*** Begin section ***

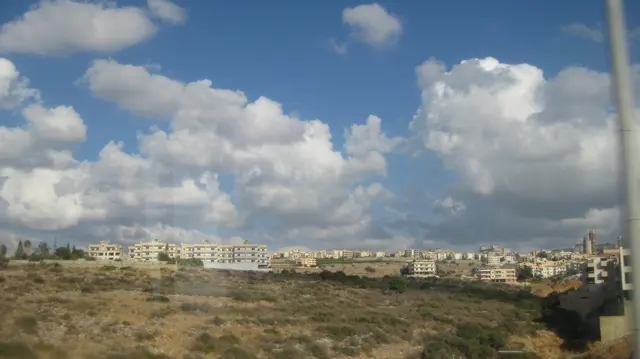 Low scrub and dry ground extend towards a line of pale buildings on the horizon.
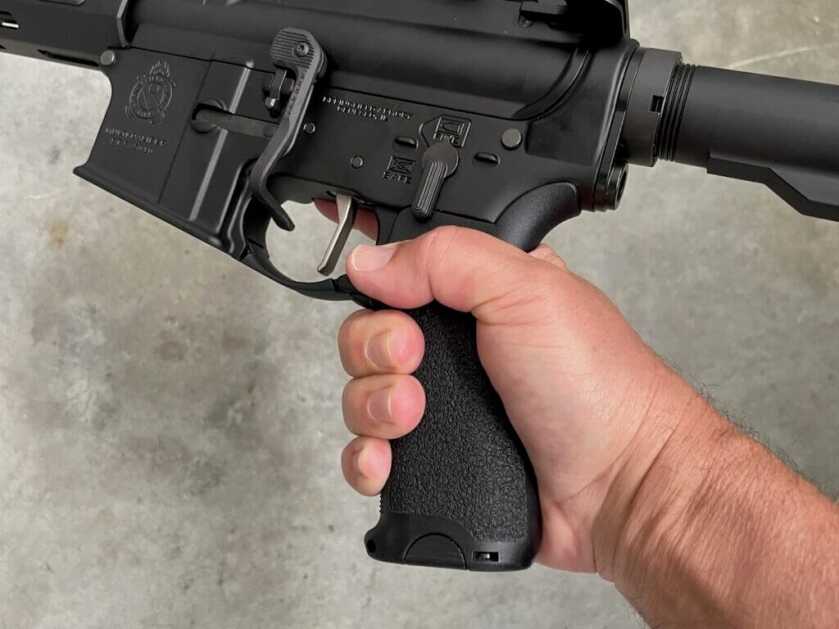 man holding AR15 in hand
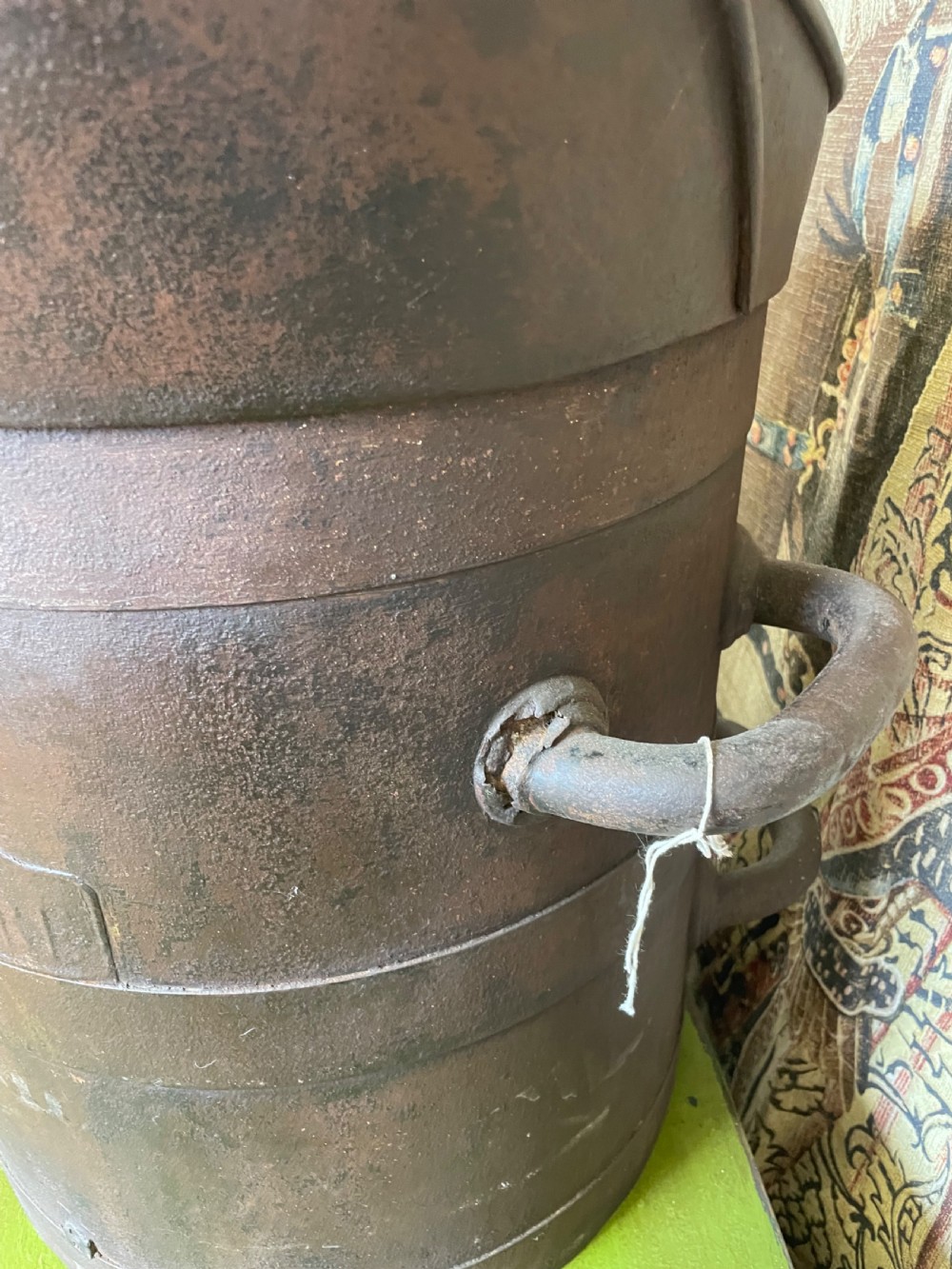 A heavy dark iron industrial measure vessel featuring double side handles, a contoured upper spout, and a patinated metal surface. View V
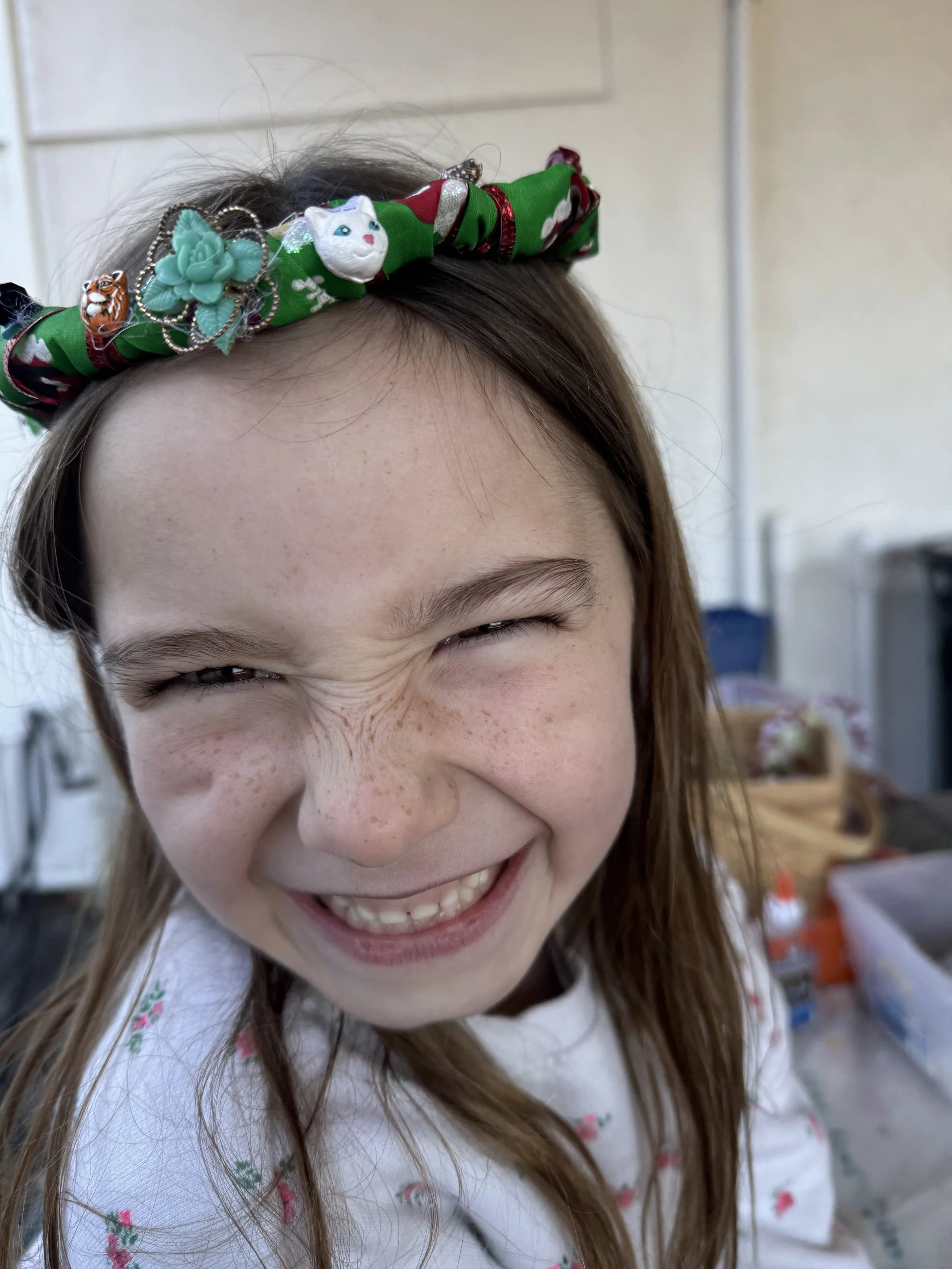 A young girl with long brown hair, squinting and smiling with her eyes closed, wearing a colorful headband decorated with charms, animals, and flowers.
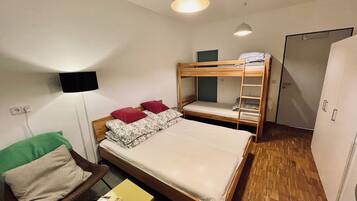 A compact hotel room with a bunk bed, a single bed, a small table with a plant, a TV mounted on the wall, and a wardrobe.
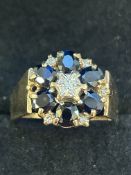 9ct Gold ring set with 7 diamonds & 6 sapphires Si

*** End section ***

### Task description
Retype all the data exactly. Omit pictures.

### Answer to this task
 Low scrub and dry ground extend towards a line of pale buildings on the horizon.
 man holding AR15 in hand
 A heavy dark iron industrial measure vessel featuring double side handles, a contoured upper spout, and a patinated metal surface. View V
 A young girl with long brown hair, squinting and smiling with her eyes closed, wearing a colorful headband decorated with charms, animals, and flowers.
 A compact hotel room with a bunk bed, a single bed, a small table with a plant, a TV mounted on the wall, and a wardrobe.
 9ct Gold ring set with 7 diamonds & 6 sapphires Si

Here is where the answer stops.